C.F : Dans la zone UEMOA, en 2024, la part des crédits au profit des micros, petites et moyennes entreprises (MPME) est de 52%, contre 48% pour les grandes entreprises. Cela semble contraire au discours dominant dans l’opinion publique, qui est que les PME ont des difficultés pour accéder au financement bancaire, compte tenu d’un certain de conditions de crédits qui constitueraient des freins pour elles …
N.I.C : C'est tout le paradoxe de la réalité des faits. Beaucoup de gens, sans données chiffrées à l’appui, soutiennent que les banques ne financent pas les PME. Ce qui est présenté dans le rapport de la BCEAO est révélateur i ! Déjà 52%, c'est intéressant et représentatif, quand nous savons que les économies dans notre zone sont dominées par les très petites entreprises et ensuite les moyennes entreprises, à plus de 80%. C’est donc naturel que la configuration du financement bancaire soit ainsi. Maintenant, nous estimons que cela peut encore s'améliorer, au regard du fait que nos économies sont dominées par ces PME, qui souffrent de manque de financement, pas seulement à cause des banques, mais beaucoup plus de leurs propres faiblesses qu'elles doivent travailler à résorber et ne pas continuer à jeter l’opprobre sur les banques, qui jouent pleinement leur rôle.
Nous ne pensons pas qu'il y ait une banque qui refuse, par plaisir, de financer une PME. Tant que les PME vont présenter des projets intéressants, en conformité avec les exigences bancaires, les banques vont toujours les accompagner. Elles ne sont pas en manque de ressources jusqu’à ce point. Au-delà des PME financées par les banques, beaucoup de PME sont financées aussi par les institutions de microfinance. Si nous faisons la somme de tout cela, nous obtenons un taux de financement des PME plus élevé, qui pourrait atteindre 60 à 70% ; ce qui est conforme à la structure des économies de nos pays.
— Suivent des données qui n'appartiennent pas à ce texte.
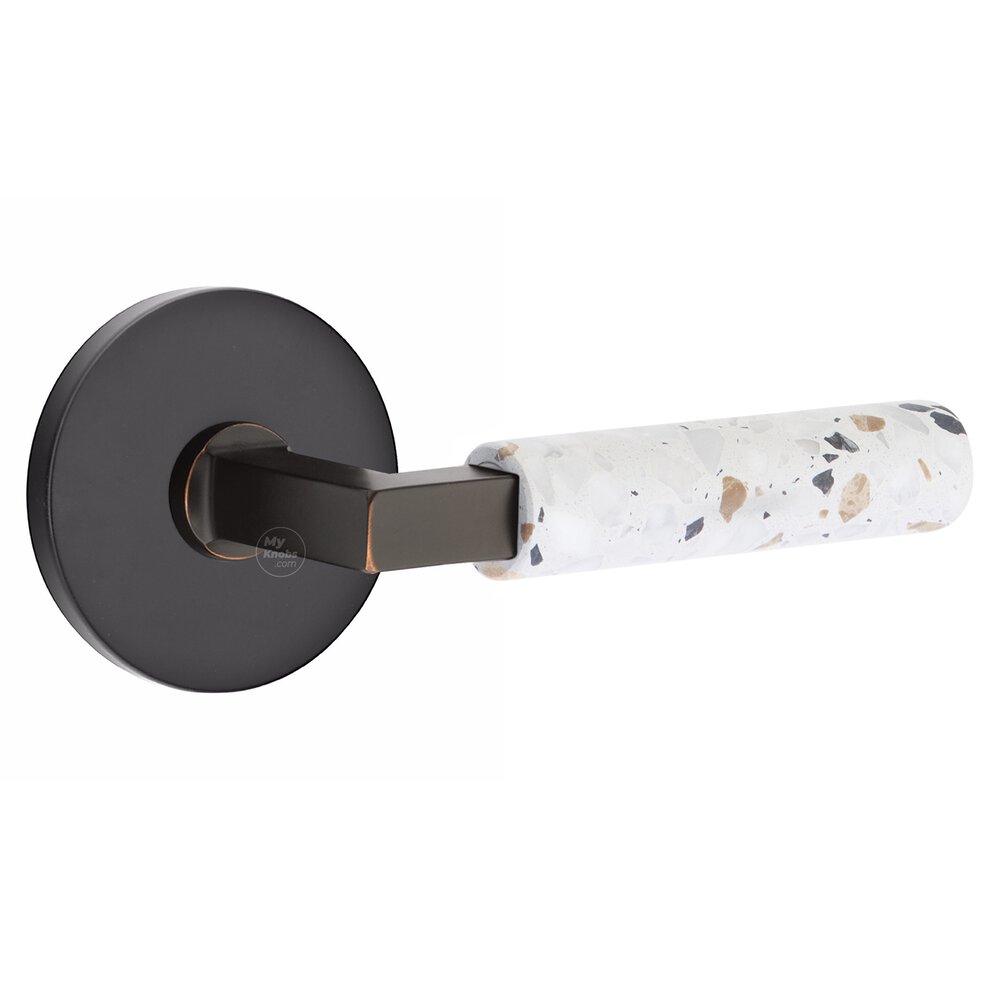 Emtek Concealed Privacy Disk Rosette in Flat Black and L-Square in Oil Rubbed Bronze Stem with Reversible Handed Light Terrazzo Lever
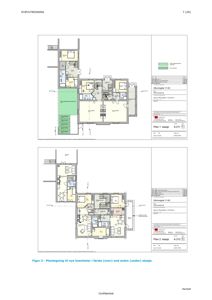 Bildet viser to etasjeplaner (1. og 2. etasje) for nye boenheter, inkludert romfordeling og utemål.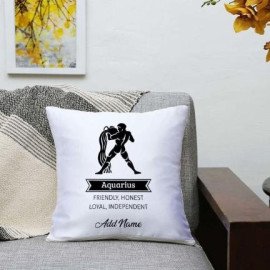 Personalized Aquarius Satin Zodiac cushions
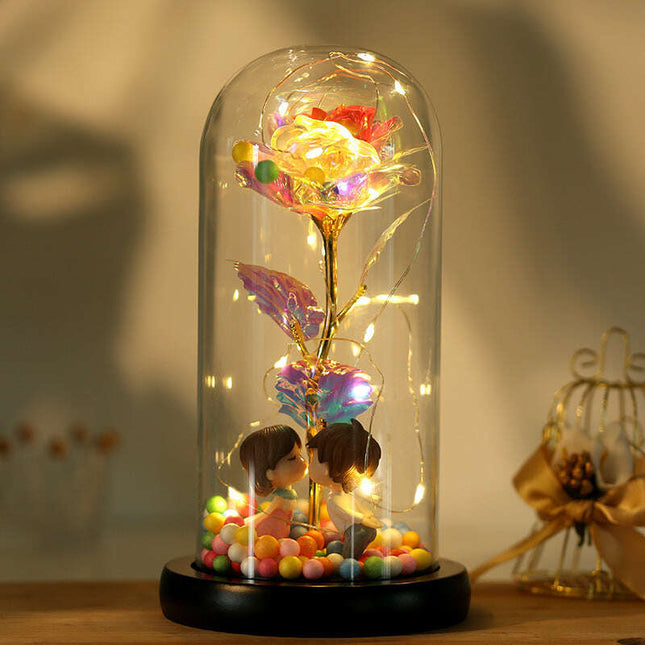 Colorful Gold Foil Flower Color GoldWith Lights Christmas Gift..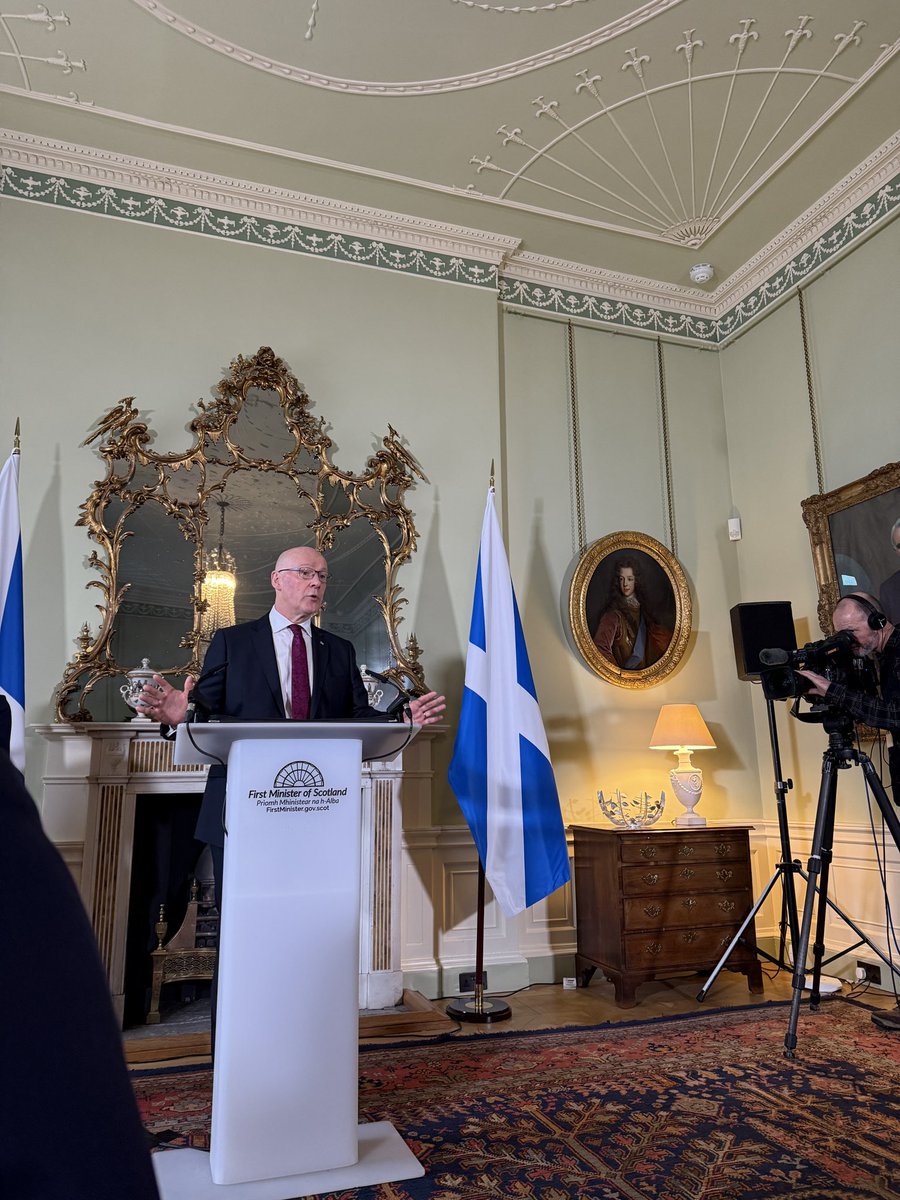 John Swinney says Reform are far right, calls Nigel Farage an "accomplice of the Russian agenda." FM to hold a gathering of civic Scotland - including representatives of parliamentary political parties - to "agree a common approach to asserting the values of our country"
C.F : Autrement dit, selon vous, le secteur bancaire constitue un maillon important dans l'accompagnement des PME ?
N.I.C : Oui, c'est un maillon important, et il le fait bien. Seulement, toutes les PME ne peuvent pas être financées par les banques. Il faudrait que certaines PME le sachent et qu’elles se réorganisent pour identifier d'autres sources de financement, afin de bénéficier plus tard du canal de la banque ; parce qu’il y a aujourd'hui plusieurs canaux de financement qu'elles ne devraient pas se limiter, en se contentant des banques.